## [TO DO]
An exact copy of the entries is needed, with every picture left out.

## [SUPPLIED MATERIAL]
◇ ◇ ◇
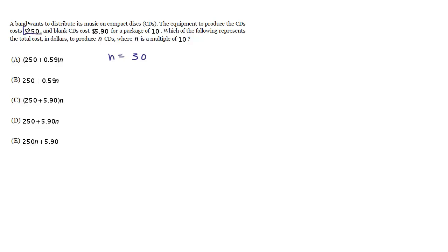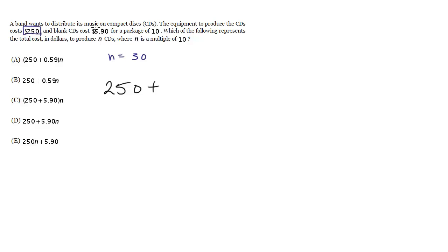First, regardless of how many CDs we make, we're always going to have $250 for the equipment costs. So we know we're going to get $250 plus. Now we're making 30 CDs. Each CD, each pack of 10 CDs is going to cost us $5.90. So we've got 30 CDs total. So this should be $5.90 times 3.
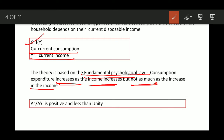In equation form, ΔC/ΔY — the change in consumption in relation to the change in income — is always positive, meaning it is always greater than zero and less than unity. This is the MPC, the Marginal Propensity to Consume, which is greater than zero and less than unity.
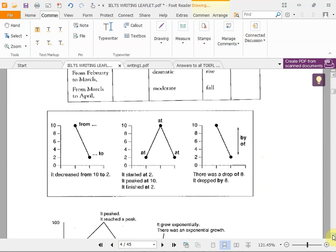When talking about increase and rise, look at the graph. We use prepositions: 'it decreased from 10 to 2.' The second graph started at 2, peaked at 10 — the highest point — and finished at 2. General verbs are: start, peak, finish, fluctuate, increase, decrease. A drop from 10 to 2 can be expressed using 'by' or 'of': 'there was a drop of eight' or 'it dropped by eight.'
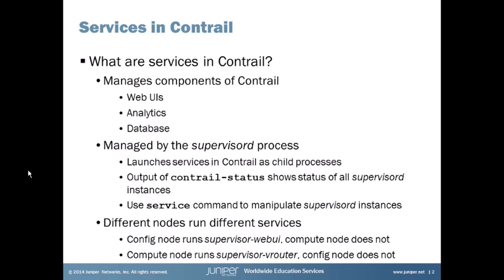This last major point is very important: different nodes run different services. For example, we have the Config node that runs the Supervisor Web UI service, but the Compute node doesn't run that service. The reason is that the Config node handles all web user interface interactions — the Compute node has nothing to do with that. So we don't run that service on the Compute node to save resources. If you logged into a Compute node and checked out the Supervisor Web UI service, it would show as inactive or not running.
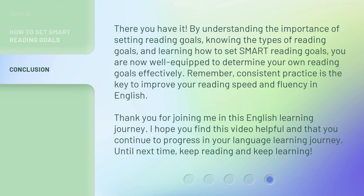There you have it. By understanding the importance of setting reading goals, knowing the types of reading goals, and learning how to set SMART reading goals, you are now well-equipped to determine your own reading goals effectively. Remember, consistent practice is the key to improving your reading speed and fluency in English. Thank you for joining me in this English learning journey. I hope you find this video helpful and that you continue to progress in your language learning journey. Until next time, keep reading and keep learning.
◇ ◇ ◇
## [TASK RESULT]
First, regardless of how many CDs we make, we're always going to have $250 for the equipment costs. So we know we're going to get $250 plus. Now we're making 30 CDs. Each CD, each pack of 10 CDs is going to cost us $5.90. So we've got 30 CDs total. So this should be $5.90 times 3.
In equation form, ΔC/ΔY — the change in consumption in relation to the change in income — is always positive, meaning it is always greater than zero and less than unity. This is the MPC, the Marginal Propensity to Consume, which is greater than zero and less than unity.
When talking about increase and rise, look at the graph. We use prepositions: 'it decreased from 10 to 2.' The second graph started at 2, peaked at 10 — the highest point — and finished at 2. General verbs are: start, peak, finish, fluctuate, increase, decrease. A drop from 10 to 2 can be expressed using 'by' or 'of': 'there was a drop of eight' or 'it dropped by eight.'
This last major point is very important: different nodes run different services. For example, we have the Config node that runs the Supervisor Web UI service, but the Compute node doesn't run that service. The reason is that the Config node handles all web user interface interactions — the Compute node has nothing to do with that. So we don't run that service on the Compute node to save resources. If you logged into a Compute node and checked out the Supervisor Web UI service, it would show as inactive or not running.
There you have it. By understanding the importance of setting reading goals, knowing the types of reading goals, and learning how to set SMART reading goals, you are now well-equipped to determine your own reading goals effectively. Remember, consistent practice is the key to improving your reading speed and fluency in English. Thank you for joining me in this English learning journey. I hope you find this video helpful and that you continue to progress in your language learning journey. Until next time, keep reading and keep learning.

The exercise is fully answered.